The thing about Marcus was, he could make you feel like the biggest loser on the planet with three words. He'd been doing it since seventh grade, and we'd all just accepted it as the price of admission to his friend group.

"My sister's been vegetarian for like, two years," Maya said from across the table, looking sympathetic. "It's actually not that big of a deal."

Marcus shot her a look. "Nobody asked you, Maya."

The table went silent. That was Marcus's specialty—making everyone feel small enough that he could feel big.

I looked at my spinach salad. Suddenly, it wasn't just a salad anymore. It was a line drawn in the cafeteria floor. I could keep eating it, or I could toss it and go get chicken nuggets like a normal person and maybe salvage my social standing.

"You know what?" I said, my voice barely shaking. "I like spinach. It's actually pretty good with the right dressing."

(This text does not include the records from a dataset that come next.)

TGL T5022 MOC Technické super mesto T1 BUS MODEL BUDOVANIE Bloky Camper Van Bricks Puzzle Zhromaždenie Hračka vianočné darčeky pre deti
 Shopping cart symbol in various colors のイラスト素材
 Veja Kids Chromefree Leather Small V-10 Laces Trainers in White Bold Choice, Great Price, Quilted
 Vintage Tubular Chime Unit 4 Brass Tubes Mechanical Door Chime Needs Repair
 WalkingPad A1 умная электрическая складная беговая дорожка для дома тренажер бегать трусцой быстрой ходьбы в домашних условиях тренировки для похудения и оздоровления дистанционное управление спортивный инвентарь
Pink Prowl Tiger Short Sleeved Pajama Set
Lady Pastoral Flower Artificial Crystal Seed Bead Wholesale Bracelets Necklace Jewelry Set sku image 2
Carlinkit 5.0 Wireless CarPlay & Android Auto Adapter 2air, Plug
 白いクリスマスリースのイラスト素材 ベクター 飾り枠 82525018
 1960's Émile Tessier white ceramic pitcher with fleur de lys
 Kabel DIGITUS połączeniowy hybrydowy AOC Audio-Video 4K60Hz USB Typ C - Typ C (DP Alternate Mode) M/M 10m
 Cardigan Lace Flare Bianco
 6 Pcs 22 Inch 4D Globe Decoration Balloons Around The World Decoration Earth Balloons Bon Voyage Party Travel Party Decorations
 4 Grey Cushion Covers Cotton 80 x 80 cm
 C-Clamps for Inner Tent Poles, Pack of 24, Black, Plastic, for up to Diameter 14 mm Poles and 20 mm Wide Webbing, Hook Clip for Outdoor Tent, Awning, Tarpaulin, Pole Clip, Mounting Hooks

Marcus stared at me like I'd grown a second head. For a moment, nobody said anything. Then Maya smiled—a genuine smile, not one of those fake ones she gave Marcus.

"Pass me some," she said.

I slid her the bowl. Marcus made a disgusted noise, but for the first time since seventh grade, nobody laughed.

That night, I texted Maya: "Thanks for not letting me die of social awkwardness today."

She wrote back: "Anytime. Also, Marcus is full of bull. Always has been."

I smiled at my phone. Maybe high school wouldn't be so bad after all. Maybe it would take some guts—and some spinach—but I was done pretending to be someone I wasn't.

Some friendships survive high school. Others don't. The ones that matter are the ones where you can eat spinach in the cafeteria and nobody makes you feel weird about it.